Tous ces objets en bois sont en rapport avec la fabrication du beurre. Il y a bien sûr la baratte (ribot) qui servait à le fabriquer à partir de la crème du lait qui était ainsi secouée. Mais on a aussi le moule en bois qui permettait de personnaliser la motte compressée dans le réceptacle de gauche. Les deux cylindres en bois du centre sont des “marques à beurre” fabriquées traditionnellement à la main par le fiancé qui l’offrait à sa future épouse. Chaque ferme avait ainsi sa marque distinctive imprimée sur le beurre: c’était la carte d’identité de la maison.
Ces objets sont bien connus. On trouve à gauche une chauffeuse ou bassinoire ou chaufferette de lit. C’est un ancien ustensile ménager que l’on trouvait à la campagne jusqu’au milieu du 20° siècle, en concomitance avec la brique ou la bouillote. C’était une petite bassine à couvercle perforé, en cuivre, au bout d’un manche plus ou moins long. Le soir, avant le coucher, on prenait des braises dans la cheminée ou le fourneau, on les mettait dans la bassinoire que l’on passait à l’intérieur du lit pour le réchauffer. Au milieu, c’est un très beau gaufrier en fonte décorée que l’on utilisait par exemple sur le trépied de cheminée en fer forgé qui supportait la chaleur et les flammes du foyer. Il stabilisait marmites et poelles.
Un objet rare et ancien lié à la fabrication du vin; c’est une daillure ou tranche-marc. C’était un outil en forme de grande hache qui était utilisé pour débiter le bloc de marc en fin de pressée dans les pressoirs anciens. Ce spécimen est tout a fait remarquable par ses inscriptions multiples, sa date, ses représentations religieuses multiples.
Des chaussons de danseuse en bois à bride de cuir et un grappin à seau perdu pour puits en fer forgé.
L’araire primitive qui servait à labourer avant l’arrivée des charrues est là bien sûr. Cet engin agricole manuel à traction animale a été inventé 4000 ans avant JC ! Il n’a guère changé au fil des millénaires et était encore utilisé il y a une centaine d’années!

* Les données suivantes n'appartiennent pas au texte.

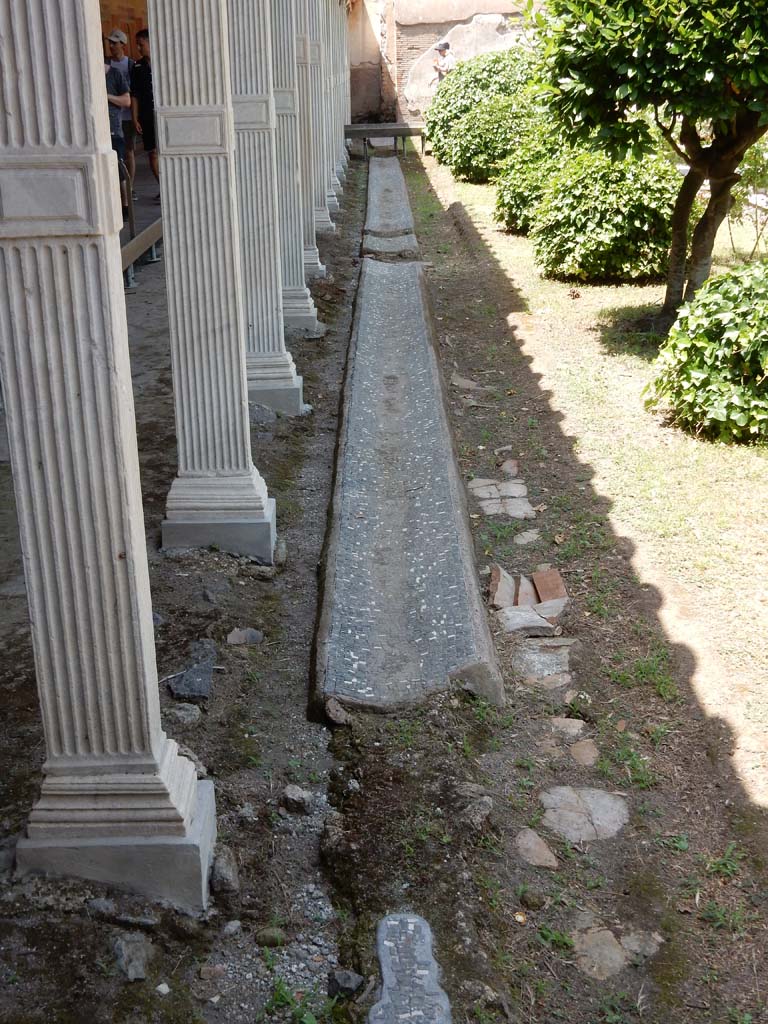 II.4.6 Pompeii. September 2019. Looking north-west across pool in garden area towards west portico.
Photo courtesy of Klaus Heese.
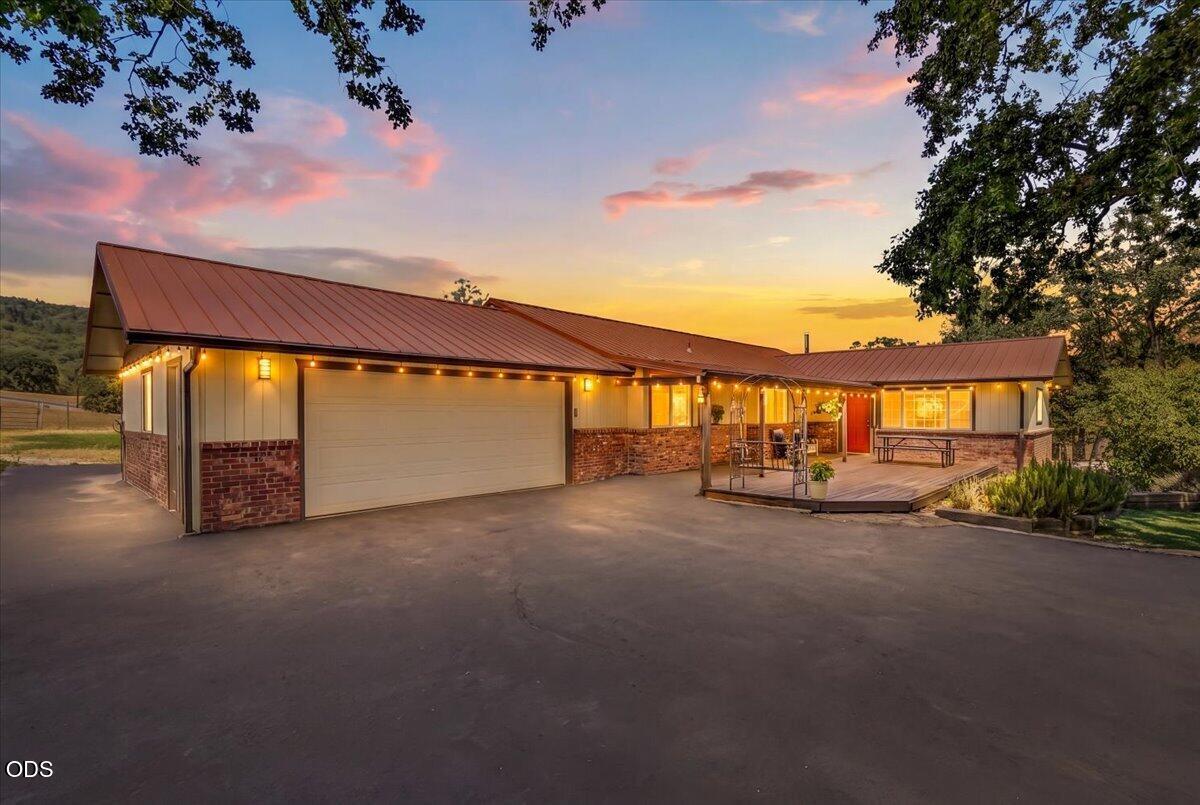 5485 Kane Creek Road — photo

Dans un registre totalement différent, deux assiettes de faïence ancienne qui pourraient bien être de Roanne compte tenu des décors floraux très prisés dans les faïenceries de cette région. Certains opteraient pour du Nevers…
Et chose rare, à nouveau, un panoramique très ancien représentant une scène de chasse. Il s’agit d’un papier peint mural représentant, par une suite de lés collés successivement, une histoire. Ces décors de murs ont eu leur heure de gloire dans la région, au milieu du XIX° ème siècle, d’autant qu’une importante fabrique se trouvait à Saint Genis Laval: la Maison Pignet et Paliard. On trouve encore quelques exemples de ces décorations mais ils sont rares en raison de la nature du matériau: le papier. Nous avons décrit le panoramique du train Saint-Etienne/Lyon fabriqué par cette maison dans une revue de l’Araire avec Paul David ainsi que la généalogie de la famille de ces fabricants.
Pour finir, nous revenons à la ferme avec ces outils qui servaient aux moissons et au battage du grain. On y trouve la pelle à grains pour évacuer au vent le blou (la balle du grain qui servira au bétail), les différentes fourches à deux ou trois dents pour manipuler les gerbes, le rateau pour étaler ou concentrer, le fléau pour battre, le crochet à gerbe, la faucille, la gourde pour se désaltérer, les bichets à bicherée sur la droite, la bicherée étant la surface que l’on peut ensemencer avec un bichet. Le bichet est une mesure paysanne qui change selon les endroits. Ainsi à Lyon le bichet contient 19,57 litres, légèrement moins qu’à Paris tandis qu’à Saint-Etienne il en a 27.30.
Notre petit tour autour de quelques instruments ou décorations de la ferme ou de la maison se termine ici. Cette conférence nous a beaucoup appris, remettant en surface certains mots disparus, certaines coutûmes oubliées. Certains, en écoutant Jacques Rivoire, ont rajeuni avec ces souvenirs d’une jeunesse passée, d’autres ont découvert une vie très rudimentaire dans un passé pas si lointain. C’est bon de se replonger dans ces jours d’hier: ils nous font voir le développement formidable et rapide de ces dernières décennies. Le monde a vraiment changé en 60 ans!